At the end of Homo Sacer, Agamben outlines four "arbitrary" possibilities given the analytic of bios, all of which have something to do with Homo Sacer. I haven't really outlined this particular concept because I have already been talking about it. The concept is taken from Roman Law, whereby a person is marked as being sacred (but not capable of sacrifice). The term itself trades on an ambiguity at the root of being set aside. To be set aside, like a pig in Jewish gastronomy, simply means to have been taken outside the realm of ordinary politics (bios) whereby a person would have been protected by the sovereign. 

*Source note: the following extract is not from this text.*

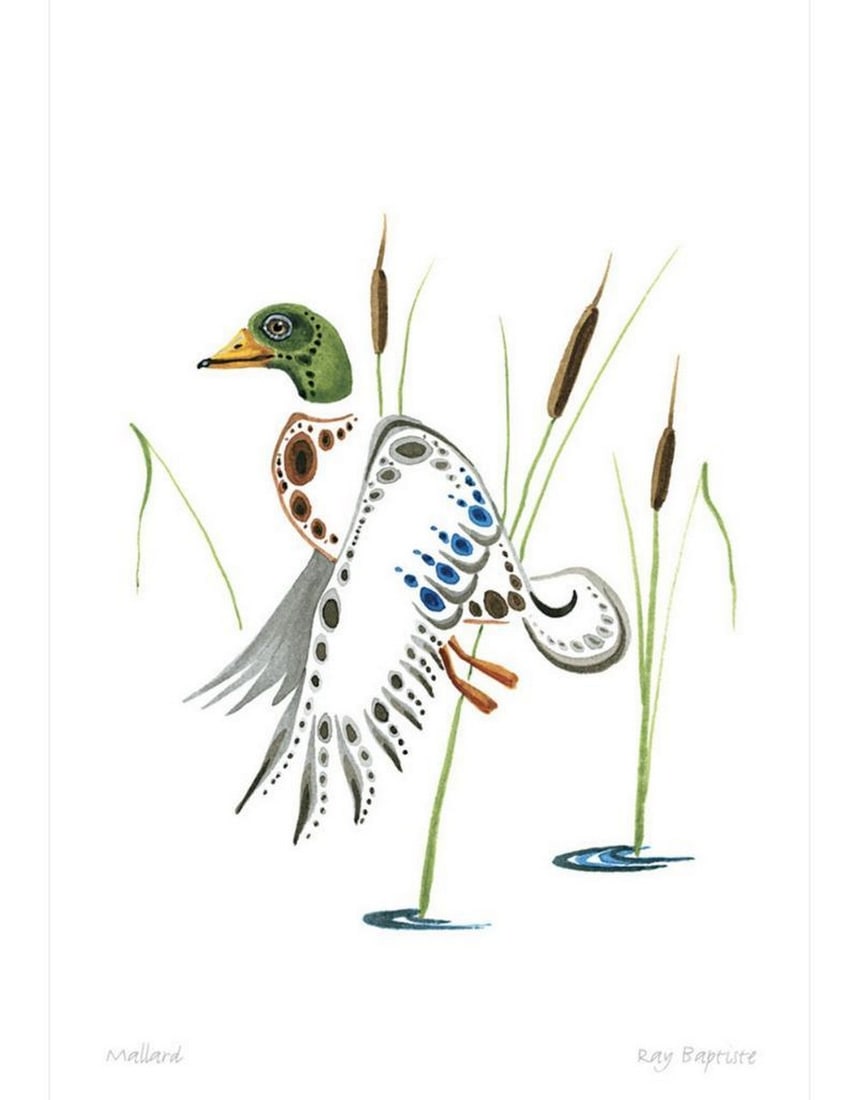 12" x 14" Mallard by Ray Baptiste Framed Print: 12" x 14" Mallard by Ray Baptiste Framed Print Ray Baptiste, an Ojibway born in Berens River, Manitoba, and now based in Vancouver, BC, grew up in Winnipeg where he began studying art at Kild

To be abandoned to bare life (zoe), that is to say, captured and not permissibly given to bios, constitutes the most interesting possibility for militant anarchists: being outlaw. (HS, 183-4). Yet, here one is always already potentially caught under the paparatus because one is defined as zoe. Insofar as one is not caught however, and rendered a prisoner or dead, one has a curious relationship to the fuhrer, barring the fact, of course, that the were-wolf, the half-man-half animal that retains the rite to natural violence, is always an enemy. The fuhrer freely moves back and forth between zoe ad bios because whatever is his existence is defined as the proper essence for the existence of the specific kind of people. The fuhrer spoke, that is to say, and it was law; The health of the fuhrer is the health of the state. Thus the outlaw is never bios, whereas the fuhrer must always be bios or (freely) zoe. Finally, the fuhrer wants to render the outlaw who has zoe, to the group, the Jew in the camp that has neither bios nor zoe. The question of leviathan's Gears is whether the Jew in the camp is the final cause, drawing the poor. The pure bios individual (Flamen Diale) (HS, 182-3) is what life in bios holds out for the one that never has to worry about becoming zoe, say, because they are financially secure.

For Giorgio Agamben, the final (desired) position is neither zoe nor bios, but rather something prior to both (HS, 188). Form-of life picks out a being that is only its own bare existence, whereby its zoe (bare life) is already its own bios. In this final gesture we can see that perhaps what Agamben is saying is that if one is to avoid being seduced by the city, and so, seduced by the herd mentality of constituting a biopolitics that would kill the abandoned being, as if one were simply a lacky of the sovereign vying for power, one must seek eudaimonia on one's own terms, rather than presume it is given by the Sovereign. In this sense, Agamben is advocating for existential sedition.  

Early on in the text (HS, 12) Agamben notes that his conception of the ban and the logic of Sovereignty is conceived in part as a criticism of Anarchism. Anarchism is at fault for developing a morality, for developing a sense of good and evil, which will always construct a notion of bare life that it will ostracize. Whether or not mere association and disassociation is sufficient for the non-morality of the anarchic politics to come is the question, I think, that anarchy leaves open without passing into (Marxist) anarchism.

Of course, Agamben does not think that it is easy to avoid the panoptic eye; Nothing appears to offer a way to avoid the demands of the Sovereign, "it seems" (187). So long as one is in the city, one will be sorted as bios or zoe, depending on the way in which one follows the law, lockstep. But this little possibility, this little moment of breaking away and becoming existentially seditious, and (of course) invisible, might make all the difference imaginable in our way of life.